TASK INSTRUCTIONS> Produce an exact transcription of the data, with the images left out.
Top of MATERIALS PROVIDED
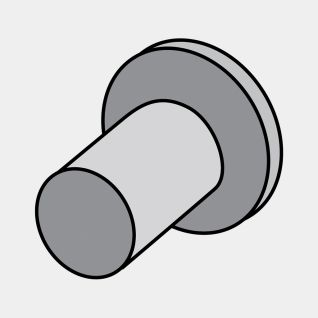 Buffer Bread Bin Transparent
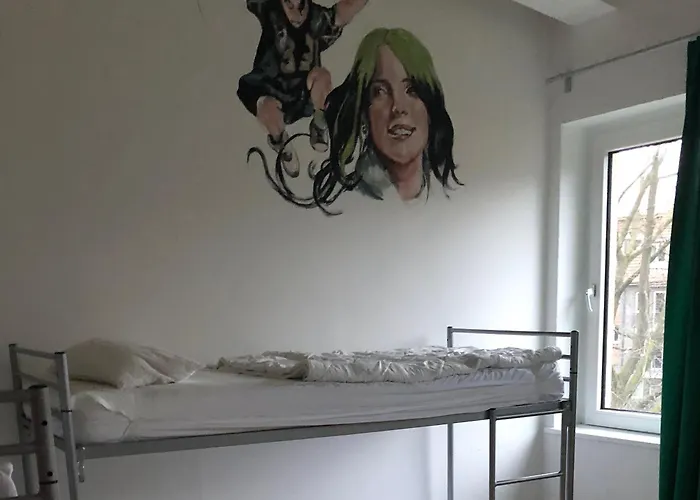 Instantsleep Backpackerhostel St Pauli Hostel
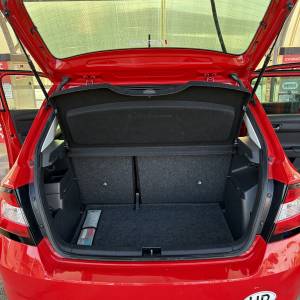 Škoda Fabia 1.2TSI Ambition plus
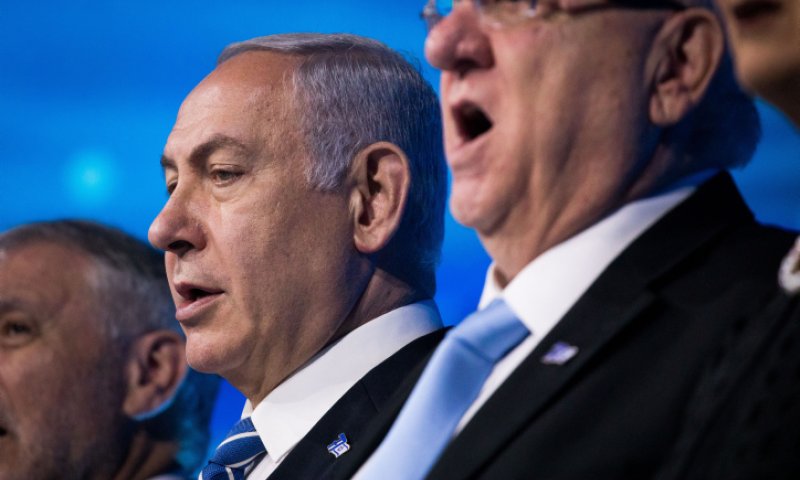 לימין יש רוב, אבל גם למתנגדי נתניהו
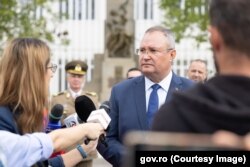 Premierul Ciucă speră ca promulgarea legilor Justiție să echivaleze cu ridicarea MCV.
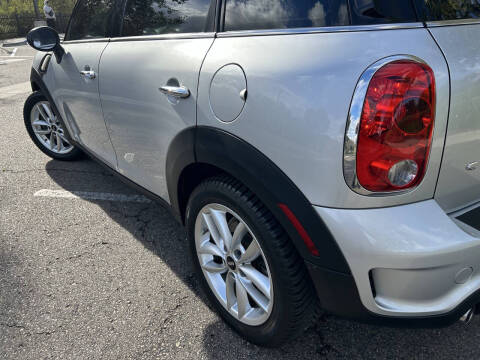 2013 MINI Countryman Cooper S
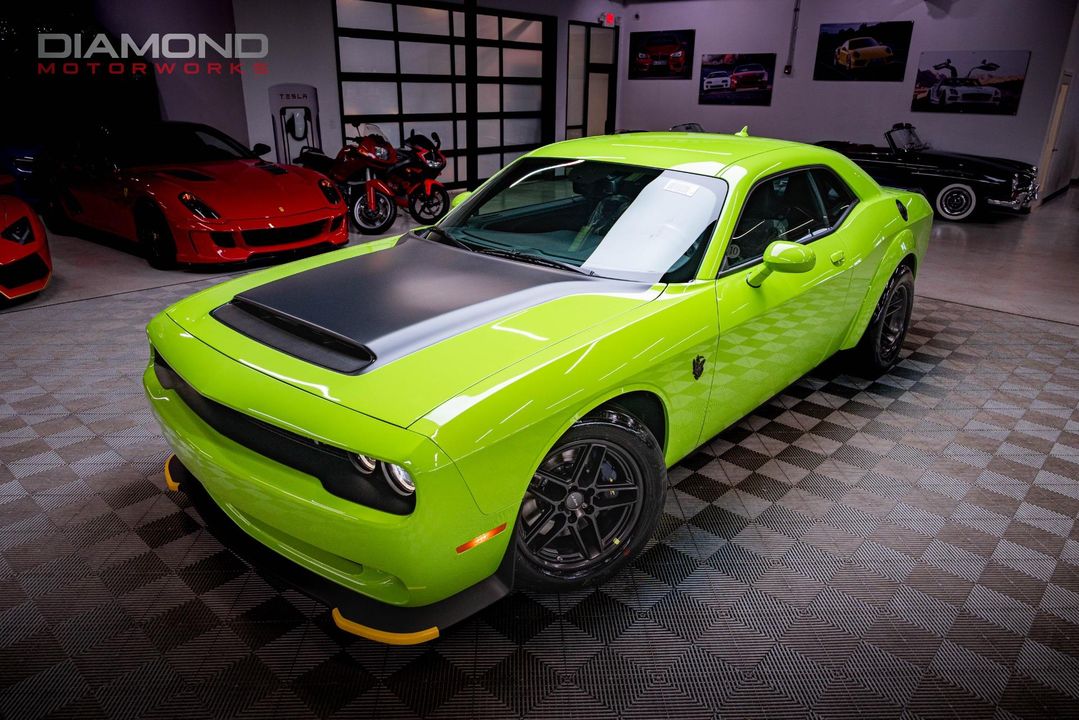 2023 Dodge Challenger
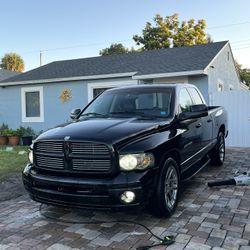2002 Dodge Ram 1500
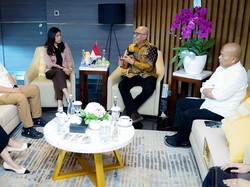 Menkomdigi Sambut Baik Kongres Persatuan PWI, Beri Saran Ini Agar Terus Solid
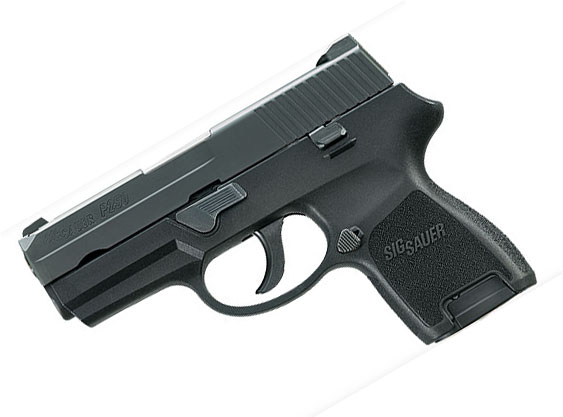 Sig Sauer P250 Sub-Compact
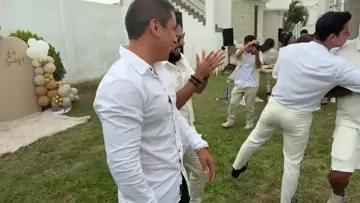 cobren salio la fija del villa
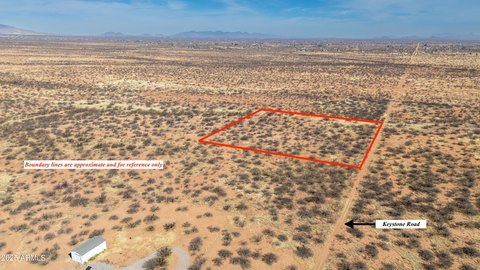 Hereford, AZ Land Parcel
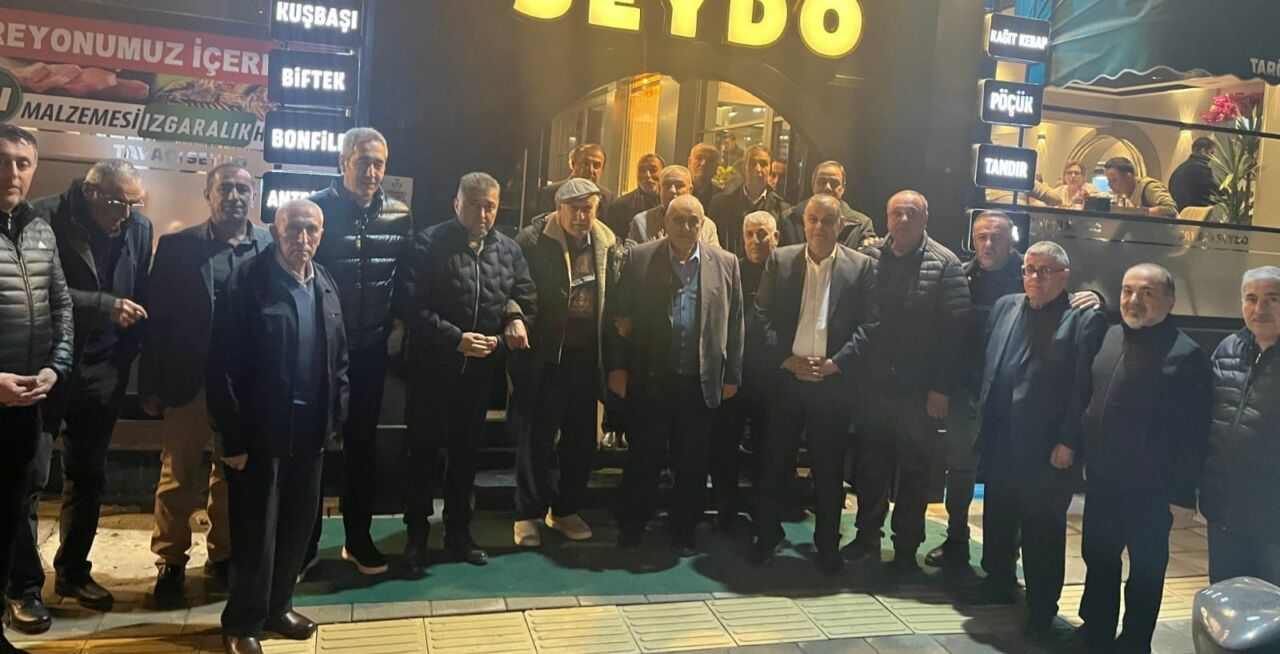 MHP Malatya İl Başkanı Gökhan Gök, "Hayırlı Günler Komşum" ziyaretleri
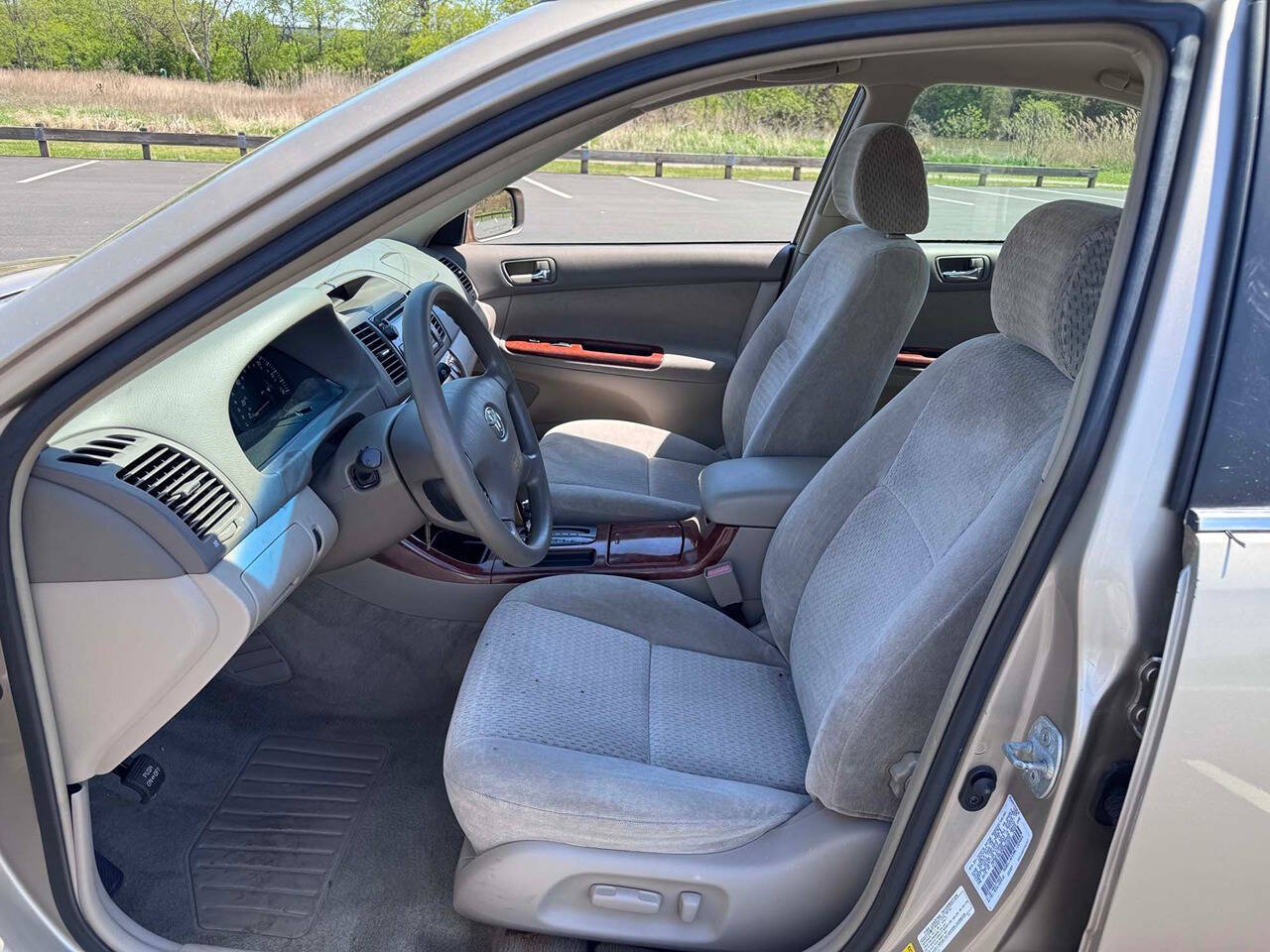 2002 Toyota Camry 3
Bottom of MATERIALS PROVIDED
EXERCISE OUTPUT>
 Buffer Bread Bin Transparent
 Instantsleep Backpackerhostel St Pauli Hostel
 Škoda Fabia 1.2TSI Ambition plus
 לימין יש רוב, אבל גם למתנגדי נתניהו
 Premierul Ciucă speră ca promulgarea legilor Justiție să echivaleze cu ridicarea MCV.
 2013 MINI Countryman Cooper S
 2023 Dodge Challenger
2002 Dodge Ram 1500
 Menkomdigi Sambut Baik Kongres Persatuan PWI, Beri Saran Ini Agar Terus Solid
 Sig Sauer P250 Sub-Compact
 cobren salio la fija del villa
 Hereford, AZ Land Parcel
 MHP Malatya İl Başkanı Gökhan Gök, "Hayırlı Günler Komşum" ziyaretleri
 2002 Toyota Camry 3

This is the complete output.